◆ **Work item**: What you return should match the data word for word, minus the images.

◆ **Stored data**:
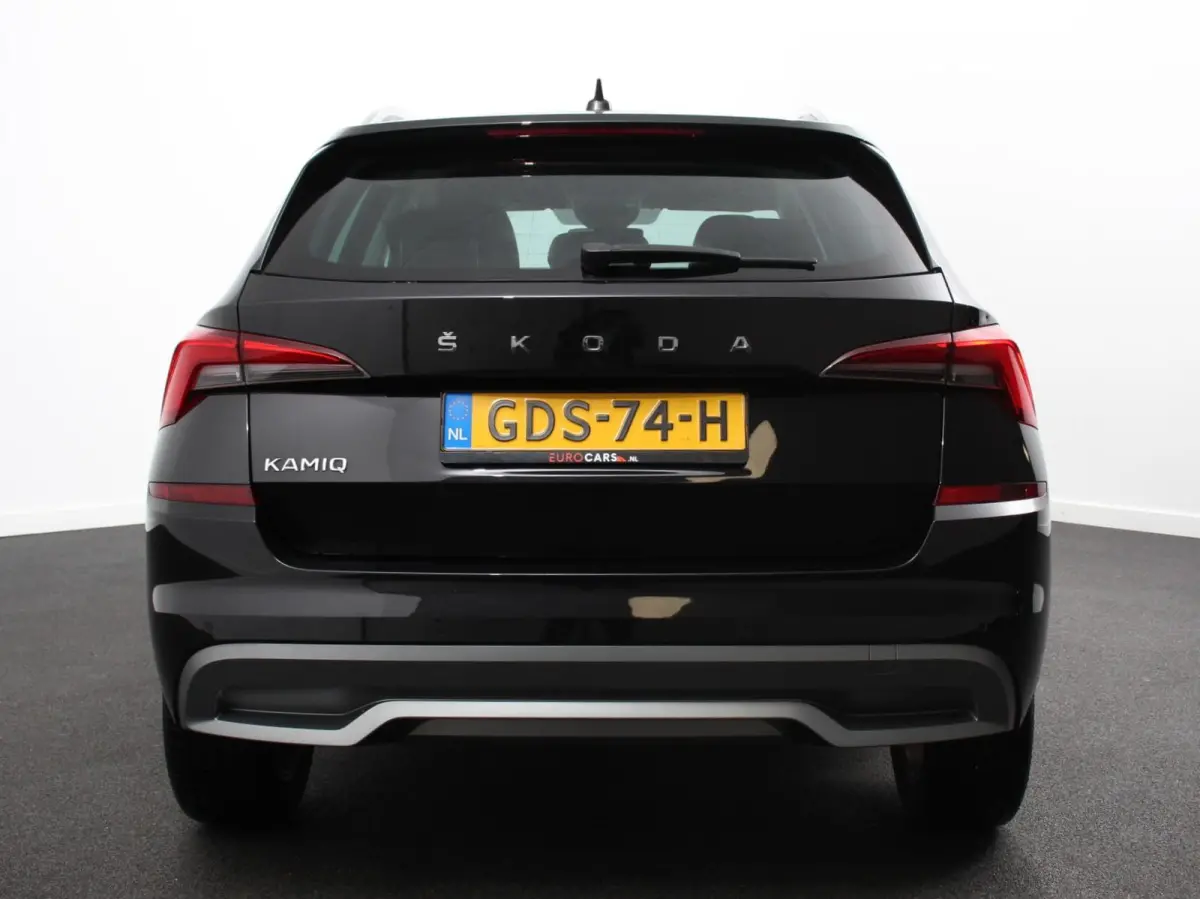 1.0 TSI 110pk DSG Style Navigatie Apple Carplay / Android auto Parkeersensor achter Cruise Control Verwarmbare voorstoelen Extra getint glas Climate Control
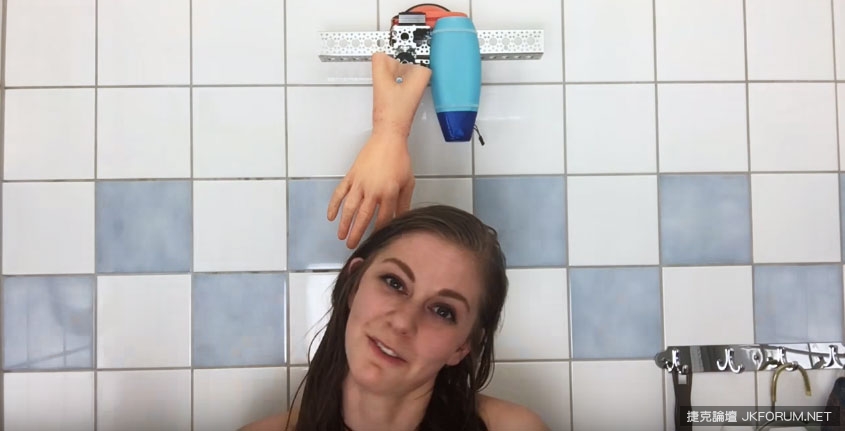【GG扑克】懶人界的救星！超懶少女發明了自動洗頭神器？！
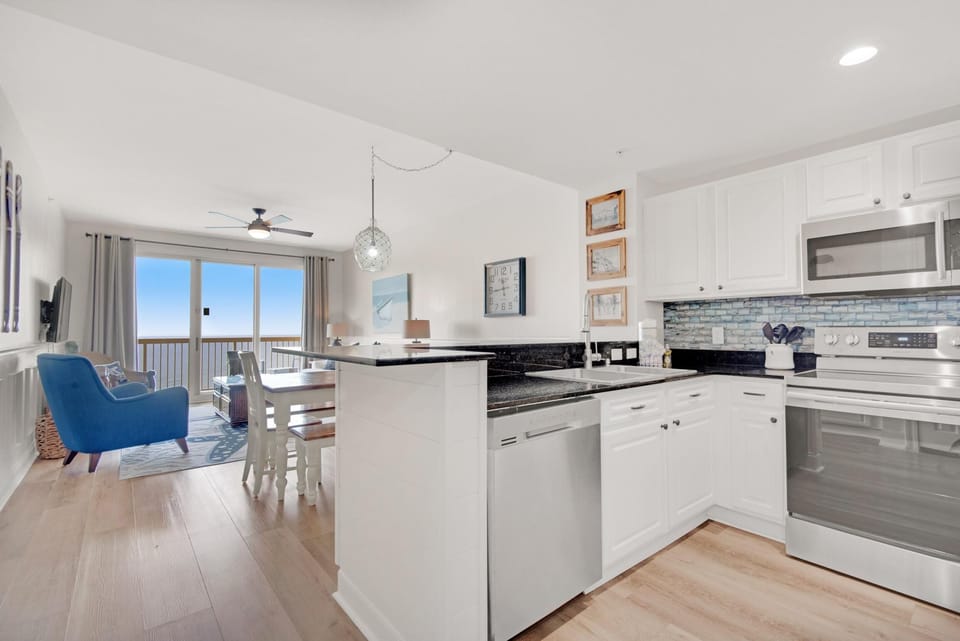 Condo, Multiple Beds (Calypso 2-1502 West) | Private kitchen | Oven, toaster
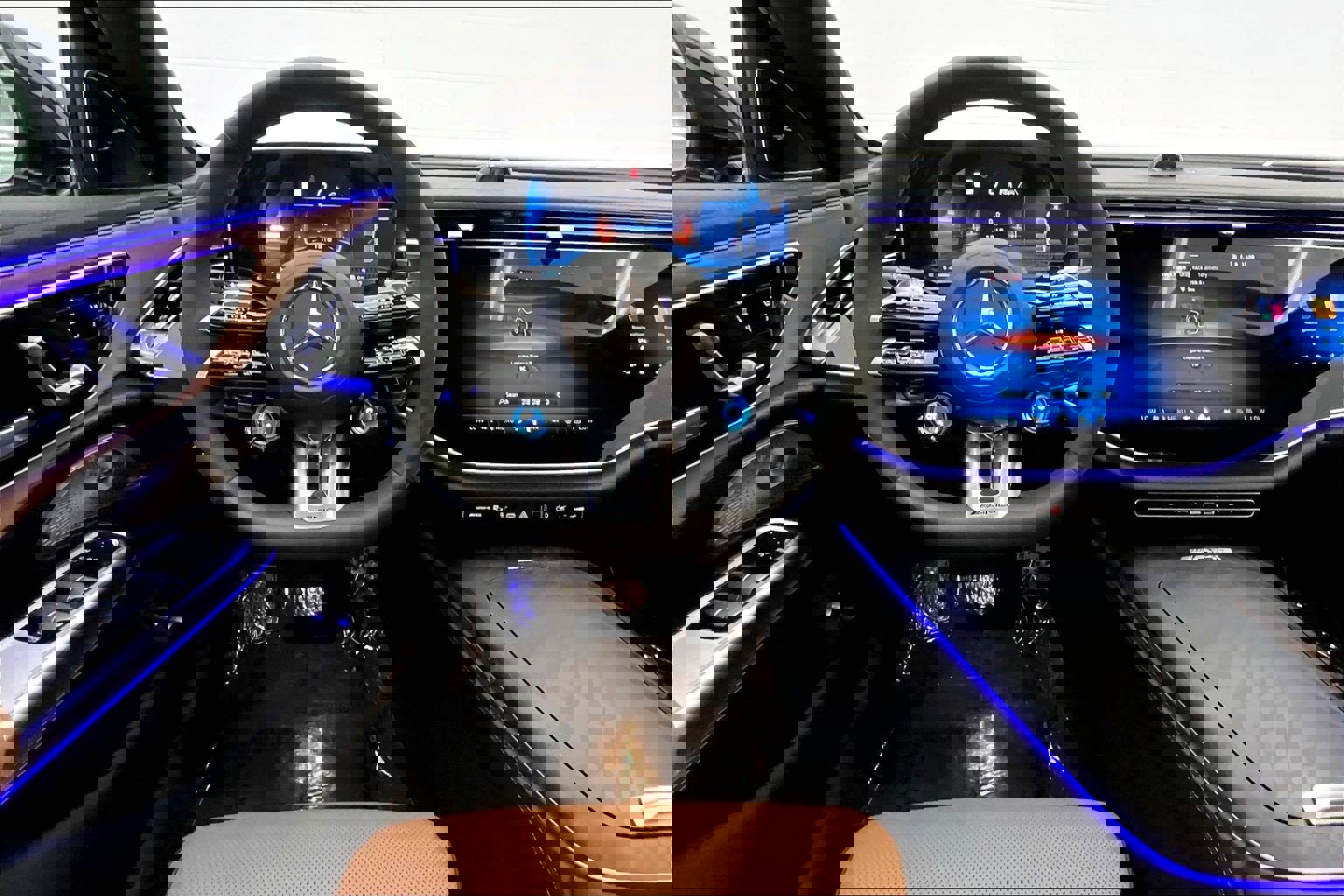 Used 2026 Mercedes-Benz E 53 AMG e 4MATIC Sedan image 4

◆ **Your solution**:
 1.0 TSI 110pk DSG Style Navigatie Apple Carplay / Android auto Parkeersensor achter Cruise Control Verwarmbare voorstoelen Extra getint glas Climate Control
【GG扑克】懶人界的救星！超懶少女發明了自動洗頭神器？！
 Condo, Multiple Beds (Calypso 2-1502 West) | Private kitchen | Oven, toaster
 Used 2026 Mercedes-Benz E 53 AMG e 4MATIC Sedan image 4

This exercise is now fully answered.